Bütün dünyanın bu gelişmişliği, bu değişimi görmesi demek, uygar dünyanın yanında olduğumuzun göstergesi olmaktadır Atatürk’e göre: “Yeni Türk harfleri çabuk öğrenilmelidir. Her yurttaşa, kadına, erkeğe, hamala, sandalcıya öğretiniz. Bunu yurtseverlik görevi biliniz. Bu görevi yerine getirirken düşününüz ki, bir ulusun, bir toplumun yüzde onu okuma yazma bilirse, yüzde sekseni, doksanı bilmezse bundan insan olanlar utanmalıdır. En çok bir yıl, iki yıl içinde bütün Türk toplumu yeni harfleri öğrenecektir. Ulusumuz yazısıyla, kafasıyla bütün uygar dünyanın yanında olduğunu gösterecektir.
Atatürk, bir başka zaman diliminde, düşüncesini şu sözleriyle sürdürür: “Her şeyden önce her gelişmenin ilk yapı taşı olan soruna değinmek isterim. Her araçtan önce büyük Türk ulusuna, onun bütün emeklerini kısırlaştıran çorak yol dışında, kolay bir okuma-yazma açkısı (anahtar) vermek gerekir. Büyük Türk ulusu bilgisizlikten az emekle, kısa yoldan, ancak kendi güzel ve soylu diline uyan bir araçla sıyrılabilir. Bu okuma – yazma açkısı, ancak Latin kökünden alınan Türk abecesidir (alfabe). Sıradan bir deneme, Latin kökünden gelen Türk harflerinin Türk diline ne denli uygun olduğunu kentte, köyde yaşı ilerlemiş Türk yurttaşlarının ne denli okuyup yazdıklarını güneş gibi ortaya çıkarmıştır.

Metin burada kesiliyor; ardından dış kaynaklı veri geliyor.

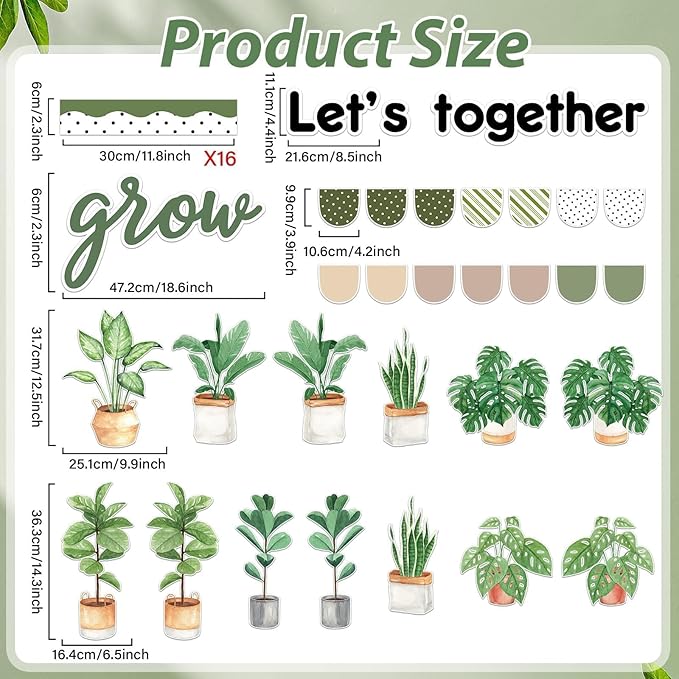 Spring Greenery Classroom Bulletin Board Decorations Potted Plant Bulletin Board Set Motivational Let’s Grow Green Leaves Cutouts for Wall Decor Elementary Back to School Teacher Supplies
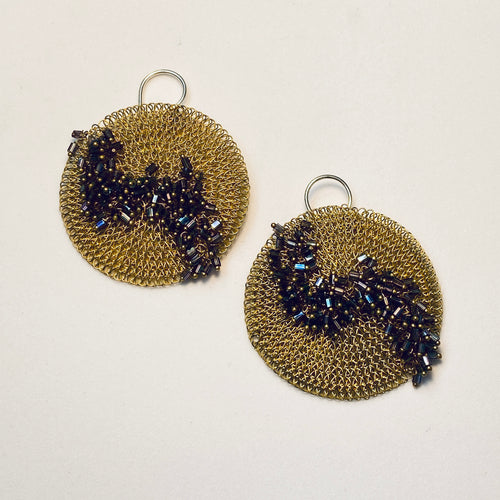 Tanfy Earrings - Brass/Lilac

Uygar Türkiye’nin oluşmasında ve bugünlere gelmesinde alınan yol, Türk abecesinden bilimler yurduna (üniversite) dek süren zorlu uğraşın, yolculuğun güneş gibi aydınlığıyla anlamlaşmaktadır. Bu yolculukta "Bilim" ve "Teknik” in işlevi yadsınamaz bir gerçektir Atatürk’e göre: “Ulusumuzun, siyasal ve toplumsal yaşamında, ulusumuzun düşünce eğitiminde kılavuzumuz bilim ve teknik olacaktır. Türk ulusunun yürümekte olduğu ilerleme ve uygarlık yolunda elinde ve kafasında tuttuğu meşale, olumlu bilimdir.